Crossing the grounds, I made my way over to where Sian’s dorm was. I didn’t bother knocking. I was given the codes to her dorm as part of the selection process. I went to her room and knocked on the door.

“It’s open,” Sian said.

I expected Heather to be helping. A couple of boxes and some suitcases lined the floor of the small dorm. She had been given quite a luxury place, but I knew that as this selection was known to the faculty before the start of the term.

“Have you come to rub it in?” she asked.

“No. I came to see what’s going on.”

“You know what is going on.”

“No, I don’t.”

She put some books into a box with her back to me. “You know, I don’t get it.” She whirled around. “Why me?”

“Why not you?”

She grabbed a book and threw it across the room. I stepped out of its way as it hit the wall.
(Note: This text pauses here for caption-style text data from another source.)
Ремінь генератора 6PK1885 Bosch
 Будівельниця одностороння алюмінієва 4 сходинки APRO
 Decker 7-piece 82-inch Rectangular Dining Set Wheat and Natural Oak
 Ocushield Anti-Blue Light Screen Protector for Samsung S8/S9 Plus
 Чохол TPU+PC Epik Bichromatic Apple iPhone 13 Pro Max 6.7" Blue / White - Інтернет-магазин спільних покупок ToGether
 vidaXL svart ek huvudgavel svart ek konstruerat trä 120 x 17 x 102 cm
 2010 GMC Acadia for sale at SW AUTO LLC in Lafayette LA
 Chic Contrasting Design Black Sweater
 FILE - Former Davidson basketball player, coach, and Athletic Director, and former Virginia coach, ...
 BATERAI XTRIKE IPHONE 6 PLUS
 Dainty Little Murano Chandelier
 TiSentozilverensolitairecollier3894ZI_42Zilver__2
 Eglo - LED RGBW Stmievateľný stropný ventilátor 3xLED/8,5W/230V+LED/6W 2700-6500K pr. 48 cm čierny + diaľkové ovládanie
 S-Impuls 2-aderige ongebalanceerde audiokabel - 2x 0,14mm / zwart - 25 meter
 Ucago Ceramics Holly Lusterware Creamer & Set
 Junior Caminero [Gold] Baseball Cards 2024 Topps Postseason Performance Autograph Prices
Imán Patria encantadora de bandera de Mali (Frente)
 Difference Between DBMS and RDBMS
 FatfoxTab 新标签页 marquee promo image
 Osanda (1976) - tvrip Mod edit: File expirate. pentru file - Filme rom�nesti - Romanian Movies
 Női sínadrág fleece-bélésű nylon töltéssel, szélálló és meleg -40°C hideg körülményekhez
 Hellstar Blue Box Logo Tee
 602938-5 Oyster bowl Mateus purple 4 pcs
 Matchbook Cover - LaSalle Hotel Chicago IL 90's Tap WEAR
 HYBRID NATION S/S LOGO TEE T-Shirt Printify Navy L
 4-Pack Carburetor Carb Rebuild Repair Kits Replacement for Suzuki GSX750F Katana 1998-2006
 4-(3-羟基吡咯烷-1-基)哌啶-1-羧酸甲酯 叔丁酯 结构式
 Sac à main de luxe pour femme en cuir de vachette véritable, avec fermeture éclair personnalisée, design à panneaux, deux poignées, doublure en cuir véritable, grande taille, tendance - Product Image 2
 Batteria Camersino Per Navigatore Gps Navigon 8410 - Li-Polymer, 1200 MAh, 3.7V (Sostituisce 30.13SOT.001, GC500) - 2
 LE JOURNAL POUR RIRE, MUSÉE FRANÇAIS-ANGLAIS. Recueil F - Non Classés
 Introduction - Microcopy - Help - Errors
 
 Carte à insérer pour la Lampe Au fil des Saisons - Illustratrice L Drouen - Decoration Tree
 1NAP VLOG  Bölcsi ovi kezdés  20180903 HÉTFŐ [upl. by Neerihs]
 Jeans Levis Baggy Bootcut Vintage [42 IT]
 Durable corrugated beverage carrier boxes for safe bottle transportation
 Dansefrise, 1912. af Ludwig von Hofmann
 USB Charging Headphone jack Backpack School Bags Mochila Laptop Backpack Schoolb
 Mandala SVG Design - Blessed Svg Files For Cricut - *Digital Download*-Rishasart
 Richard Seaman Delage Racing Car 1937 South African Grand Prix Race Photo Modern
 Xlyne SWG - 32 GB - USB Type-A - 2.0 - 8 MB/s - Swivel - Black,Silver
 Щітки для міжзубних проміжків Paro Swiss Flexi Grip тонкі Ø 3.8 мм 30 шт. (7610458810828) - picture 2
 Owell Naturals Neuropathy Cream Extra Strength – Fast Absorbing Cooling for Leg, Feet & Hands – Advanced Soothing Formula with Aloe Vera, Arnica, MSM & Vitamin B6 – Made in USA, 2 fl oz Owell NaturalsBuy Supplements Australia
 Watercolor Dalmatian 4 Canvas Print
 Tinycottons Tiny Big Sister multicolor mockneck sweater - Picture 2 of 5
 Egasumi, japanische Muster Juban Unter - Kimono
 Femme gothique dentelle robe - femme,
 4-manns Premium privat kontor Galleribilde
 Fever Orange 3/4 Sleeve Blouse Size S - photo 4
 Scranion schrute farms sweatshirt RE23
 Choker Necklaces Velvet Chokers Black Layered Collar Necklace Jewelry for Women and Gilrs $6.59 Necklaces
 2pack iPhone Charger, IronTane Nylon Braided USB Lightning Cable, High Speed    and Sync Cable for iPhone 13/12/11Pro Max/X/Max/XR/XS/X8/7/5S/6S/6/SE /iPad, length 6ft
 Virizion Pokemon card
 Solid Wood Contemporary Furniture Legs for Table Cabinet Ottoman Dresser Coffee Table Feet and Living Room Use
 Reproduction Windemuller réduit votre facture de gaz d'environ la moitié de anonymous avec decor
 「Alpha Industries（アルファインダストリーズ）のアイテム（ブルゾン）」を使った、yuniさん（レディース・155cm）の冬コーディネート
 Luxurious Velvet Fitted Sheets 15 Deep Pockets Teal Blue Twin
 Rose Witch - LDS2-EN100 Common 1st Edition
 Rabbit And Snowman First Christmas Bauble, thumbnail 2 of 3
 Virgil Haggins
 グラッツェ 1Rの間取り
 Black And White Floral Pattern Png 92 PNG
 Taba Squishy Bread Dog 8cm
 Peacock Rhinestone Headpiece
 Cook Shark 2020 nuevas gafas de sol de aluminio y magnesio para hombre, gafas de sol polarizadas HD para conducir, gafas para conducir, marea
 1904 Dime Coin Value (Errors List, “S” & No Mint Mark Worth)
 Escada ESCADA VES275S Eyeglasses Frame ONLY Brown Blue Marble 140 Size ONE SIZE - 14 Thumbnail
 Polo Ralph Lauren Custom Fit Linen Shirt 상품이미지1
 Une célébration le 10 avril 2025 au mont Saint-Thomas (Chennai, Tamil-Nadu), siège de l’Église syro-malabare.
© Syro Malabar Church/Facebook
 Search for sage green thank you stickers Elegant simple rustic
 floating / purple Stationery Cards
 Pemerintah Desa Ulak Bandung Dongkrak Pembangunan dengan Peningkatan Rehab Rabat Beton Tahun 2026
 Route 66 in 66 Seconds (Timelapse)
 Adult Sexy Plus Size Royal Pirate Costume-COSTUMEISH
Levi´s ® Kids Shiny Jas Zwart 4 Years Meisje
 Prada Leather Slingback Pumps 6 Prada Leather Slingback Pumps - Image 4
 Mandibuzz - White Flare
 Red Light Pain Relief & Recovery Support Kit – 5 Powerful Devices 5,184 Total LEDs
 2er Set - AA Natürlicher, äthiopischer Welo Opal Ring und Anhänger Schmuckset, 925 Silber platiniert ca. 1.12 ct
“Do not do that. Do not play dumb now. Not after everything that’s going on. I’m not stupid. I’ve been at this school for three fucking years and we never spoke a single word to one another. I always thought the selection process was a joke. Some sick rumor. I never saw it happen. Then lo and behold senior year, it happens. The four Saintly Devils of All Saints Academy make their choice, and it’s me. A girl they don’t fucking know! A girl who is nothing like them. Tell me what the hell is wrong with that picture.”

I had nothing to say.

“This is supposed to be high school, Gideon. The wealthy version of a damn boarding school, but I went there, and they don’t have parents who threaten other people’s lives if you don’t conform.”

“You were threatened?”

“Heather was. If I don’t fall in line and become your damn slave, she’s gone. All her choices are wiped out. She doesn’t deserve that.” She walked right past me, grabbing the book from the floor. “I know there’s something more to this whole thing. I will find out.”

“You’re imagining things.”

Sian stared at me as if I was a disappointment. I probably was. The lies were mounting up. I couldn’t tell her this wasn’t our choice. We were told who to pick. What we had to do. How we had to do it.

The truth was we only knew so much. This was how the game was played. There were so many different players, but the moment we achieved what they wanted, we would win and our lives would be the better for it.

“You’re lying to me.” She walked toward me. The limp seeming a little more pronounced. “It’s okay. I don’t mind. It seems I have a history of being lied to. I will warn you, Gideon, I will play this game my way. You want me, you’re all going to get me, but there will be consequences for this. You’re not going to like it.” She didn’t touch me, but close like this, I wanted to grab her, to haul her against me, to fucking take her. Her gaze had lost that sparkle, but I saw the fire.

In the cafeteria, it had been dull, but now, I saw the burning embers shooting up once more.

Sian had been cracked, not broken. She was strong.

“I’m not your enemy.”

“You’re not on my side, and anyone who tries to make me do something I don’t want to do, they’re my enemy.”